About this exercise —
Only the lines from the one containing "星刃：觉醒 — 图书封面 — Wonder Books" through the final line below belong in the output, copied exactly and without pictures.

Dataset items:
=-=-=
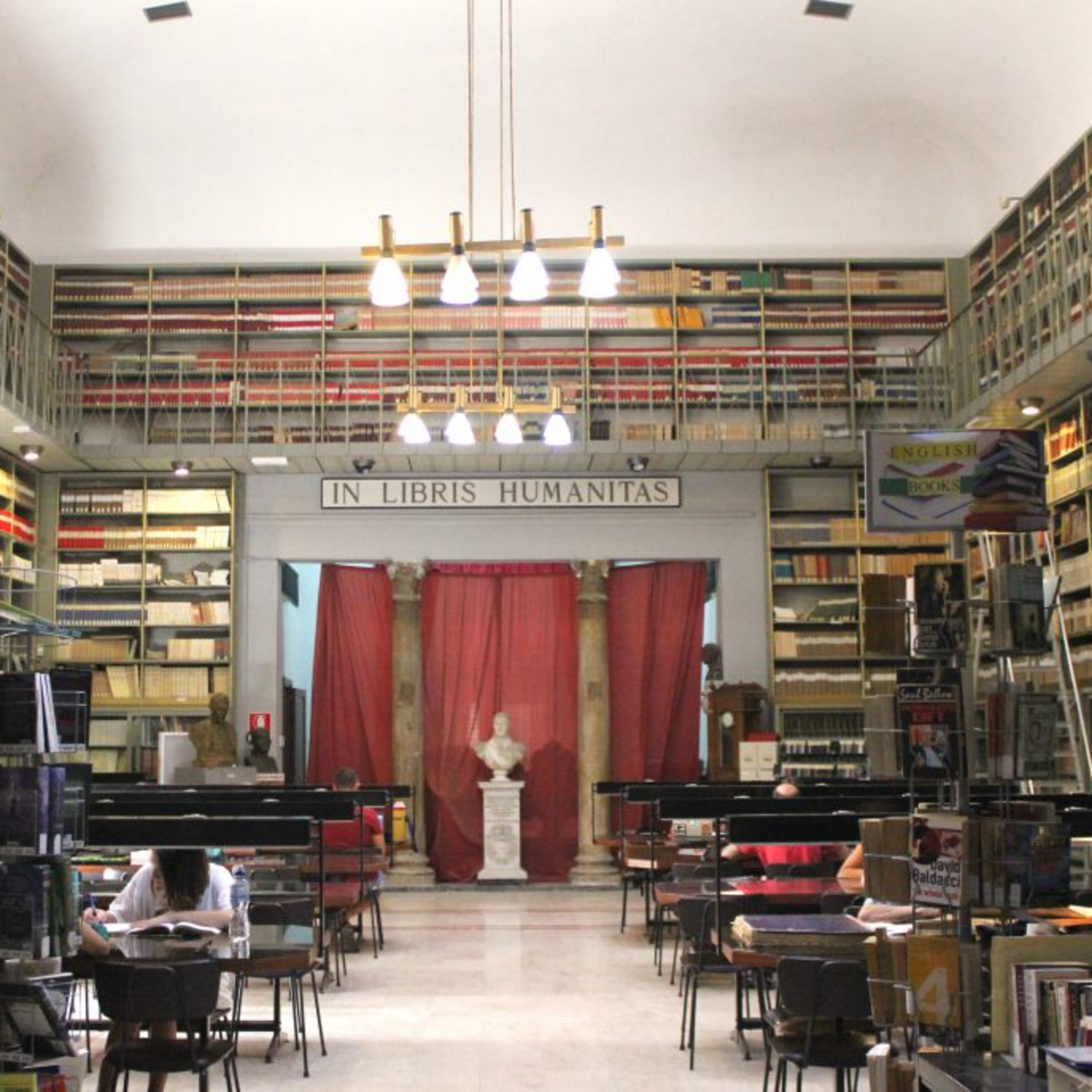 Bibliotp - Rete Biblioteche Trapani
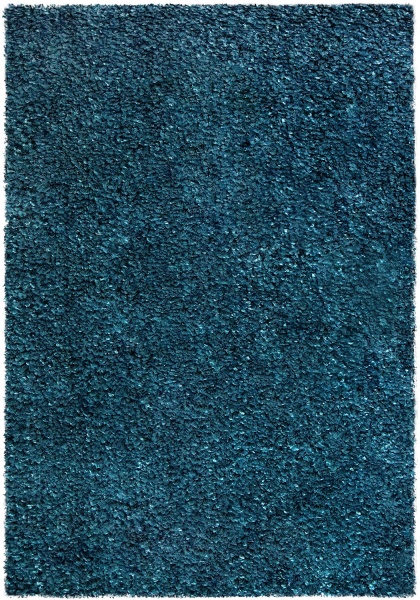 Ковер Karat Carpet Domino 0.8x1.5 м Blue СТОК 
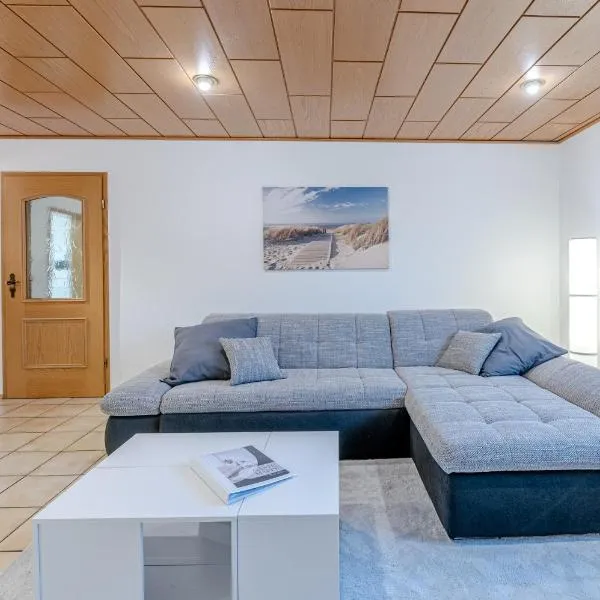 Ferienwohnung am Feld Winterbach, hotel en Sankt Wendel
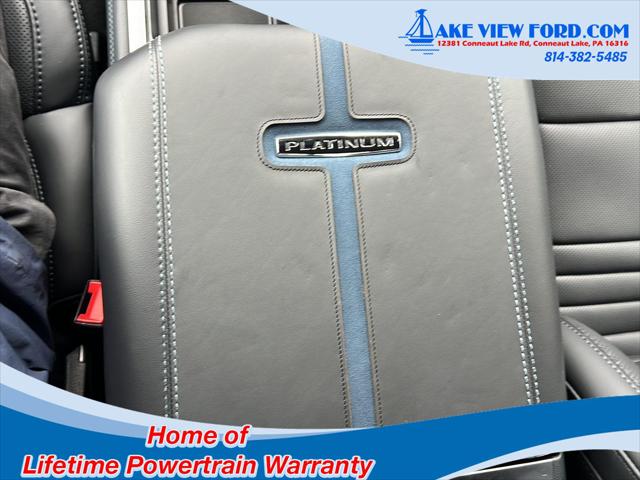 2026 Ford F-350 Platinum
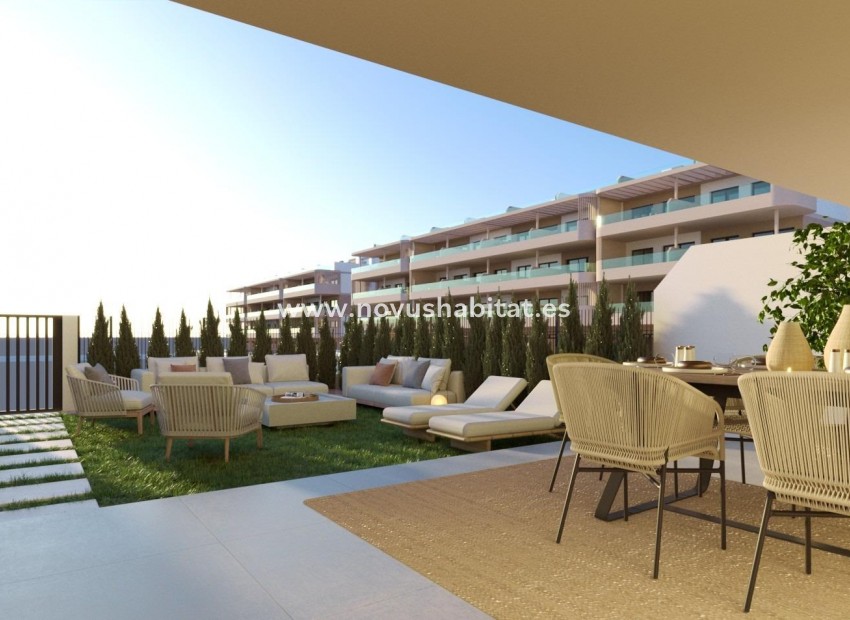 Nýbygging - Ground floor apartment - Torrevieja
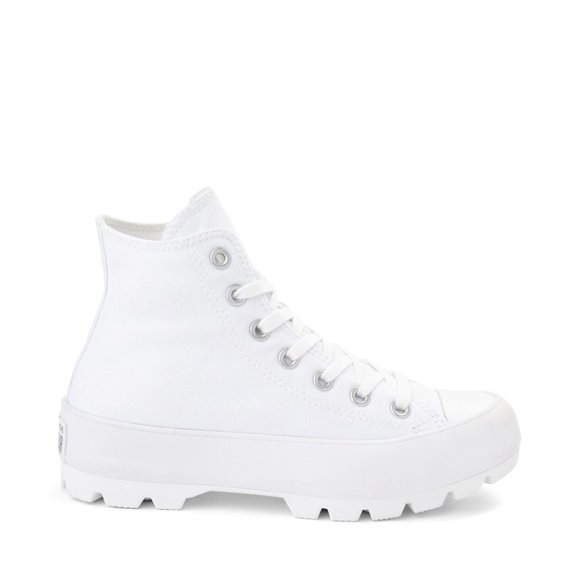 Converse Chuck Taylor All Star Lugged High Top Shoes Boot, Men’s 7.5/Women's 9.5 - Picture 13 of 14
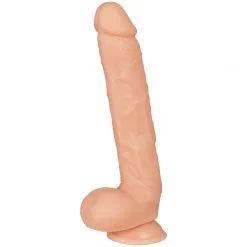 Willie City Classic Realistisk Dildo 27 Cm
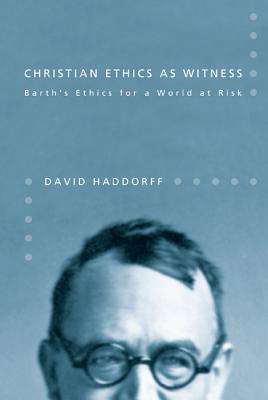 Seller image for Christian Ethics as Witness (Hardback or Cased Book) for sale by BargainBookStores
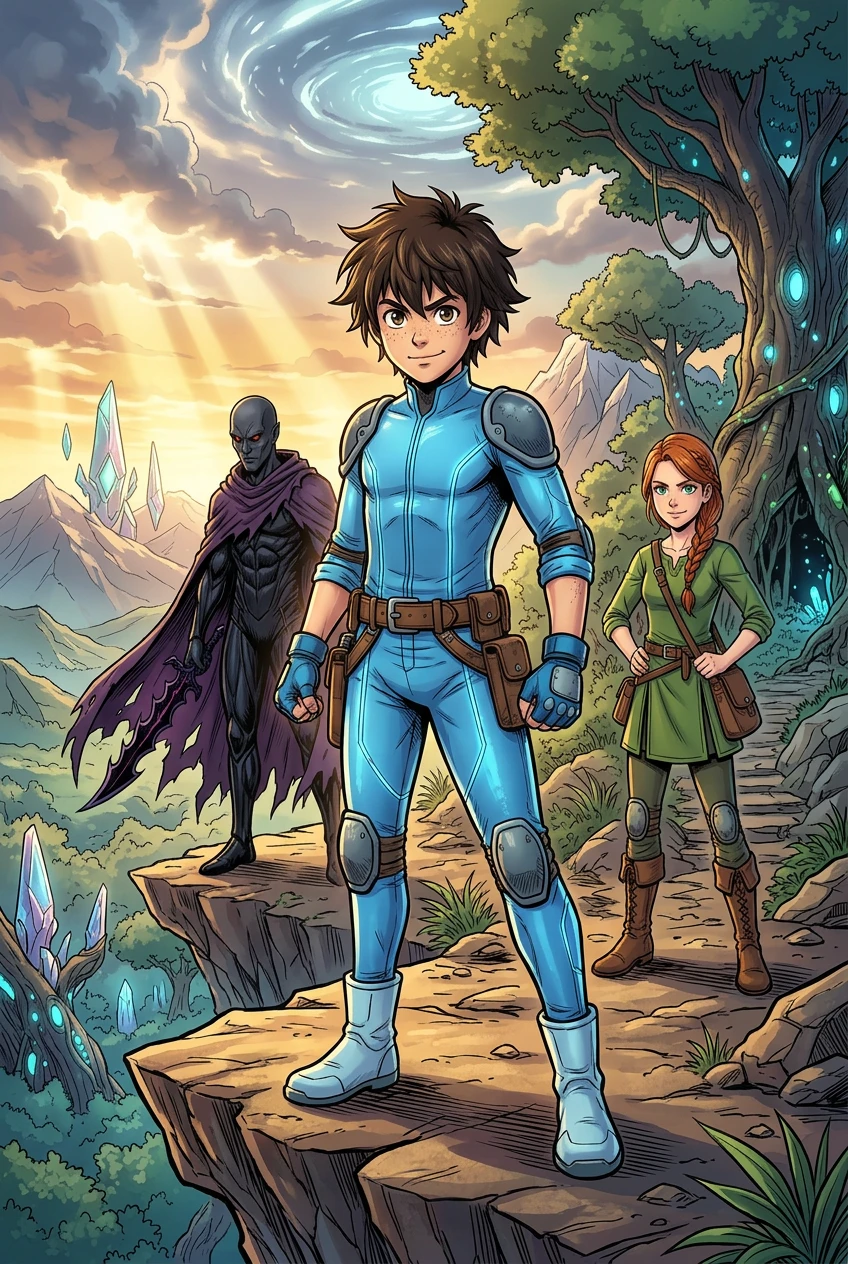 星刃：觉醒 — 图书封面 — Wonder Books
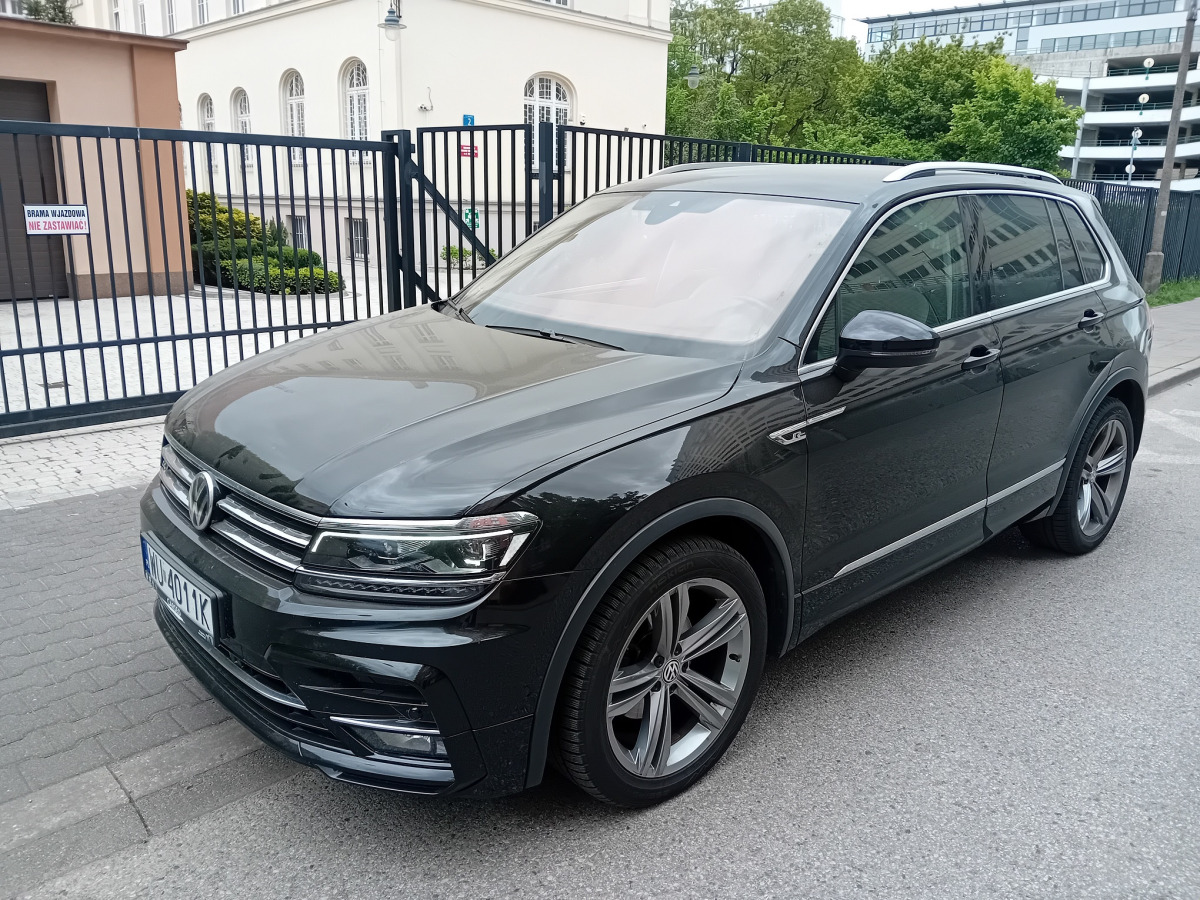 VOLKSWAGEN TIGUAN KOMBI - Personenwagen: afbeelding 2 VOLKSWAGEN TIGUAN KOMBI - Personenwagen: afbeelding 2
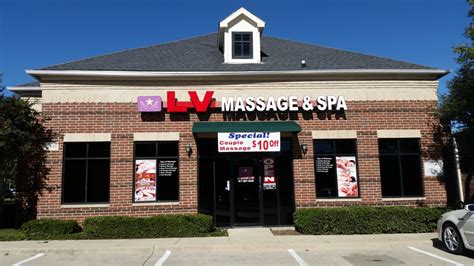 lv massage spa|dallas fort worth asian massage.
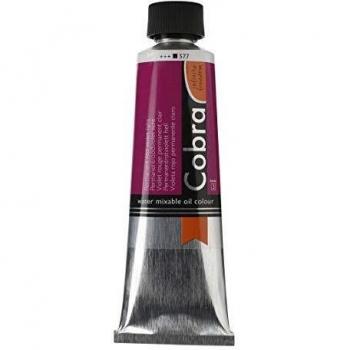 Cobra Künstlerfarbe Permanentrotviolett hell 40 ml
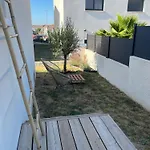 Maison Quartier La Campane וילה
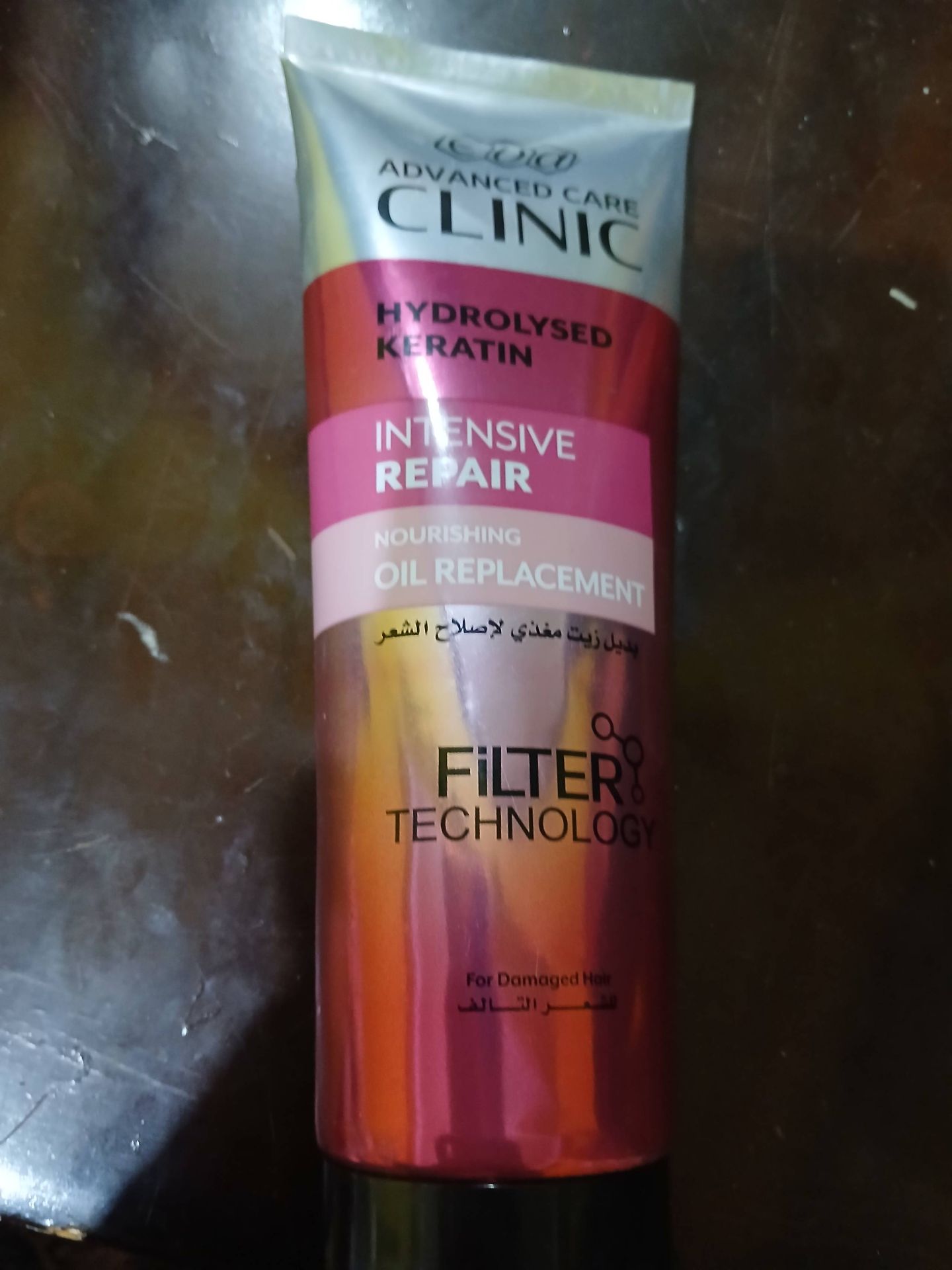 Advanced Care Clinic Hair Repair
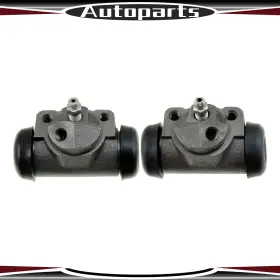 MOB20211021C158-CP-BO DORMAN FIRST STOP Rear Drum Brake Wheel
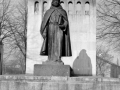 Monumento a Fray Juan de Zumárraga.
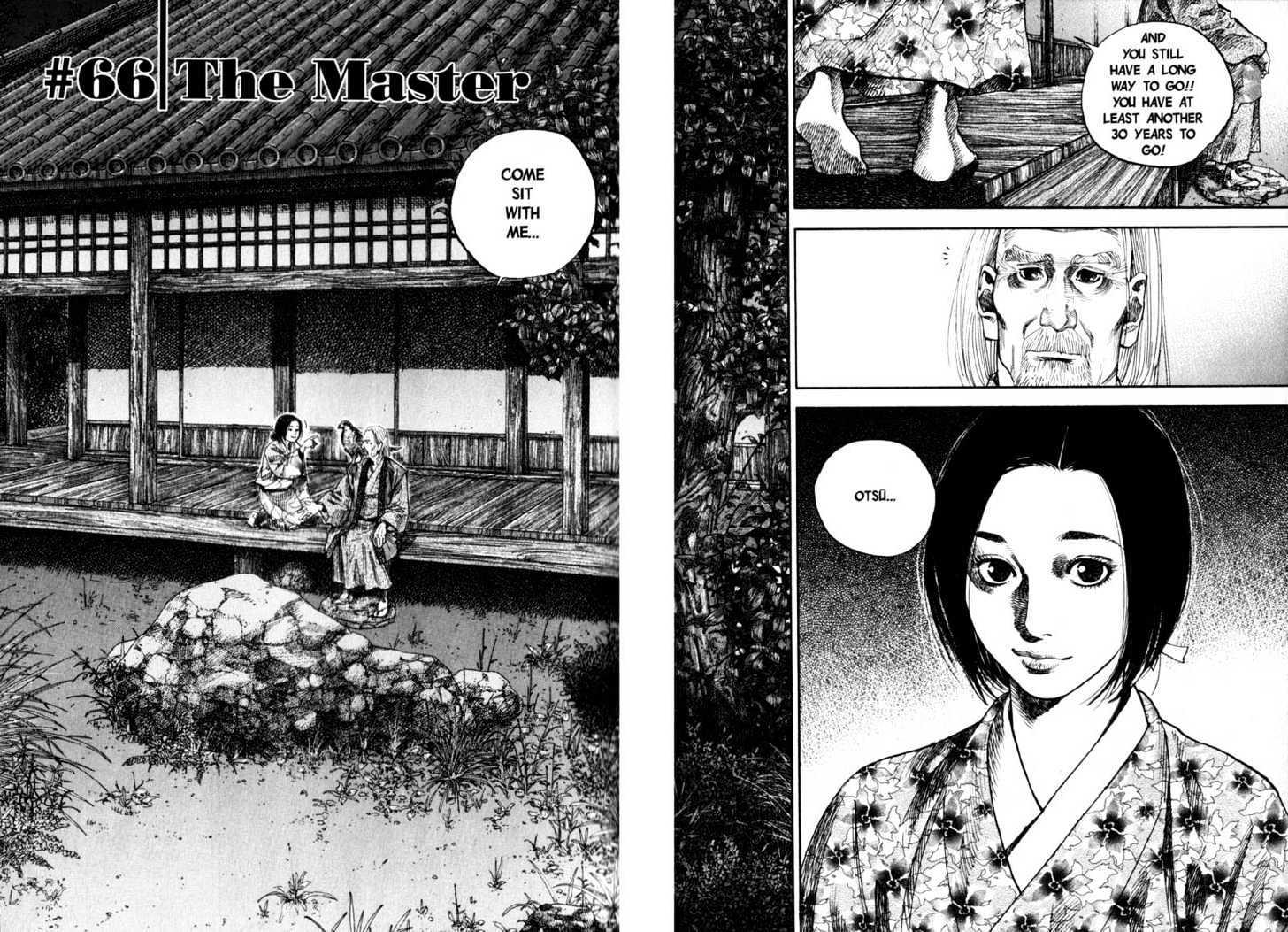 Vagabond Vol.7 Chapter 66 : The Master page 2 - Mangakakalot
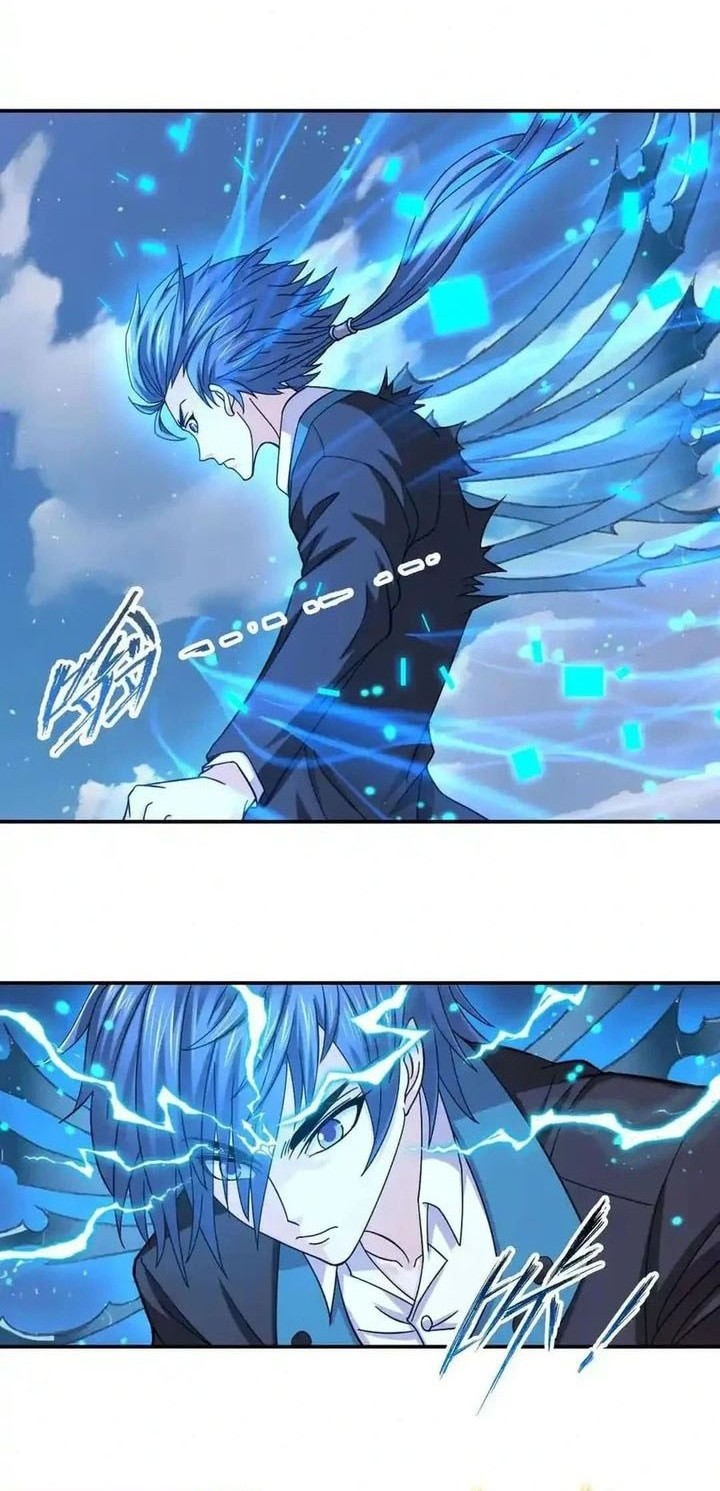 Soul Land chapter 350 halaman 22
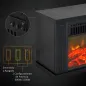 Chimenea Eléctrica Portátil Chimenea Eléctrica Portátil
=-=-=
Finished task —
 星刃：觉醒 — 图书封面 — Wonder Books
 VOLKSWAGEN TIGUAN KOMBI - Personenwagen: afbeelding 2 VOLKSWAGEN TIGUAN KOMBI - Personenwagen: afbeelding 2
 lv massage spa|dallas fort worth asian massage.
 Cobra Künstlerfarbe Permanentrotviolett hell 40 ml
 Maison Quartier La Campane וילה
 Advanced Care Clinic Hair Repair
 MOB20211021C158-CP-BO DORMAN FIRST STOP Rear Drum Brake Wheel
 Monumento a Fray Juan de Zumárraga.
 Vagabond Vol.7 Chapter 66 : The Master page 2 - Mangakakalot
 Soul Land chapter 350 halaman 22
 Chimenea Eléctrica Portátil Chimenea Eléctrica Portátil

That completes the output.